- EXERCISE PROMPT -
Each entry below is to be copied out exactly and in full.

-----

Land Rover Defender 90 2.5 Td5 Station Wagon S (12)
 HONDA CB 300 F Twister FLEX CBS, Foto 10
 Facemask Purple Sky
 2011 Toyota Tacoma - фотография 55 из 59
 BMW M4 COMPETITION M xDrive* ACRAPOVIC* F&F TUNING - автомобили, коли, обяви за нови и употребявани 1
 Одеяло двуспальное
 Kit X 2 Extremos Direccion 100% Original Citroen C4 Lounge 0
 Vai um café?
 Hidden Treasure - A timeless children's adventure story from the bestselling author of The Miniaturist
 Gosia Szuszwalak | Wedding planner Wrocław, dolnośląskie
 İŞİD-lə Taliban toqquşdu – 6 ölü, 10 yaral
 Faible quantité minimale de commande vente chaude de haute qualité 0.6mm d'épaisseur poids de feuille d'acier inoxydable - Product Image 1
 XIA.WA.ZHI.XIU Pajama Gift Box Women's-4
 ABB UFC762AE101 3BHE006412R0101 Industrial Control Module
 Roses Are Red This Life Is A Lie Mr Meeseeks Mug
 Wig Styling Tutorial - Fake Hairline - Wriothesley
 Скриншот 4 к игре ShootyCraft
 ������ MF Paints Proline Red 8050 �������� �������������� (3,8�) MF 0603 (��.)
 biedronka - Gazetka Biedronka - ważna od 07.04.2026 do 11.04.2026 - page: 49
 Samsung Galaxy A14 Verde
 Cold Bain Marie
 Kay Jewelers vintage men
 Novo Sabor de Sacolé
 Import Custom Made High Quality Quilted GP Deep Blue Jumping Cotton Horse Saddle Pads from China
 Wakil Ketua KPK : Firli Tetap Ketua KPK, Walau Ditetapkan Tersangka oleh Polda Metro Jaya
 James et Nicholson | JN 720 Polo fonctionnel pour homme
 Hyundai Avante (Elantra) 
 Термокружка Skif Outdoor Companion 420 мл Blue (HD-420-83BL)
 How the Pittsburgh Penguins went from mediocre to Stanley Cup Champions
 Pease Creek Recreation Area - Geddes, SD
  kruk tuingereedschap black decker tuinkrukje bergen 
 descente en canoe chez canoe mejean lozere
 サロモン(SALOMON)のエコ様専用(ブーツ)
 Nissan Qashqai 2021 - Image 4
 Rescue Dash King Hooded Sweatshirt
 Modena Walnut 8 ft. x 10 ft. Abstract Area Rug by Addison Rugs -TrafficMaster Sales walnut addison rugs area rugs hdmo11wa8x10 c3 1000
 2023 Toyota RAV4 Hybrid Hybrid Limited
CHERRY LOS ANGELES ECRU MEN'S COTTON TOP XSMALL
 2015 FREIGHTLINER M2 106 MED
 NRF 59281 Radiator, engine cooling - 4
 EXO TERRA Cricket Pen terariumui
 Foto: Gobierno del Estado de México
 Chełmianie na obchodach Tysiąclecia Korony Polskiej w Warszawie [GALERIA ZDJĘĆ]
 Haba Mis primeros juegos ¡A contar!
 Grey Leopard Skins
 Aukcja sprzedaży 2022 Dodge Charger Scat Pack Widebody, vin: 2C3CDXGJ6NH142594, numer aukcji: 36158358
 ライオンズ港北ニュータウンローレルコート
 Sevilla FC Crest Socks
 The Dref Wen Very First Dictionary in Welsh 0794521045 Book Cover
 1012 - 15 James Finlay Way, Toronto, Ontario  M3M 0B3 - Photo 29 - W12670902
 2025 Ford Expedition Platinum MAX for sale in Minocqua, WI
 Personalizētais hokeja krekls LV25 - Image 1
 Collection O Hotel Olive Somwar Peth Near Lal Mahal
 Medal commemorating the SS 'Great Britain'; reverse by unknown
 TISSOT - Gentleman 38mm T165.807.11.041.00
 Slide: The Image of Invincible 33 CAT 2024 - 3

-----

- SOLUTION FOR THIS PROBLEM -
Land Rover Defender 90 2.5 Td5 Station Wagon S (12)
 HONDA CB 300 F Twister FLEX CBS, Foto 10
 Facemask Purple Sky
 2011 Toyota Tacoma - фотография 55 из 59
 BMW M4 COMPETITION M xDrive* ACRAPOVIC* F&F TUNING - автомобили, коли, обяви за нови и употребявани 1
 Одеяло двуспальное
 Kit X 2 Extremos Direccion 100% Original Citroen C4 Lounge 0
 Vai um café?
 Hidden Treasure - A timeless children's adventure story from the bestselling author of The Miniaturist
 Gosia Szuszwalak | Wedding planner Wrocław, dolnośląskie
 İŞİD-lə Taliban toqquşdu – 6 ölü, 10 yaral
 Faible quantité minimale de commande vente chaude de haute qualité 0.6mm d'épaisseur poids de feuille d'acier inoxydable - Product Image 1
 XIA.WA.ZHI.XIU Pajama Gift Box Women's-4
 ABB UFC762AE101 3BHE006412R0101 Industrial Control Module
 Roses Are Red This Life Is A Lie Mr Meeseeks Mug
 Wig Styling Tutorial - Fake Hairline - Wriothesley
 Скриншот 4 к игре ShootyCraft
 ������ MF Paints Proline Red 8050 �������� �������������� (3,8�) MF 0603 (��.)
 biedronka - Gazetka Biedronka - ważna od 07.04.2026 do 11.04.2026 - page: 49
 Samsung Galaxy A14 Verde
 Cold Bain Marie
 Kay Jewelers vintage men
 Novo Sabor de Sacolé
 Import Custom Made High Quality Quilted GP Deep Blue Jumping Cotton Horse Saddle Pads from China
 Wakil Ketua KPK : Firli Tetap Ketua KPK, Walau Ditetapkan Tersangka oleh Polda Metro Jaya
 James et Nicholson | JN 720 Polo fonctionnel pour homme
 Hyundai Avante (Elantra) 
 Термокружка Skif Outdoor Companion 420 мл Blue (HD-420-83BL)
 How the Pittsburgh Penguins went from mediocre to Stanley Cup Champions
 Pease Creek Recreation Area - Geddes, SD
  kruk tuingereedschap black decker tuinkrukje bergen 
 descente en canoe chez canoe mejean lozere
 サロモン(SALOMON)のエコ様専用(ブーツ)
 Nissan Qashqai 2021 - Image 4
 Rescue Dash King Hooded Sweatshirt
 Modena Walnut 8 ft. x 10 ft. Abstract Area Rug by Addison Rugs -TrafficMaster Sales walnut addison rugs area rugs hdmo11wa8x10 c3 1000
 2023 Toyota RAV4 Hybrid Hybrid Limited
CHERRY LOS ANGELES ECRU MEN'S COTTON TOP XSMALL
 2015 FREIGHTLINER M2 106 MED
 NRF 59281 Radiator, engine cooling - 4
 EXO TERRA Cricket Pen terariumui
 Foto: Gobierno del Estado de México
 Chełmianie na obchodach Tysiąclecia Korony Polskiej w Warszawie [GALERIA ZDJĘĆ]
 Haba Mis primeros juegos ¡A contar!
 Grey Leopard Skins
 Aukcja sprzedaży 2022 Dodge Charger Scat Pack Widebody, vin: 2C3CDXGJ6NH142594, numer aukcji: 36158358
 ライオンズ港北ニュータウンローレルコート
 Sevilla FC Crest Socks
 The Dref Wen Very First Dictionary in Welsh 0794521045 Book Cover
 1012 - 15 James Finlay Way, Toronto, Ontario  M3M 0B3 - Photo 29 - W12670902
 2025 Ford Expedition Platinum MAX for sale in Minocqua, WI
 Personalizētais hokeja krekls LV25 - Image 1
 Collection O Hotel Olive Somwar Peth Near Lal Mahal
 Medal commemorating the SS 'Great Britain'; reverse by unknown
 TISSOT - Gentleman 38mm T165.807.11.041.00
 Slide: The Image of Invincible 33 CAT 2024 - 3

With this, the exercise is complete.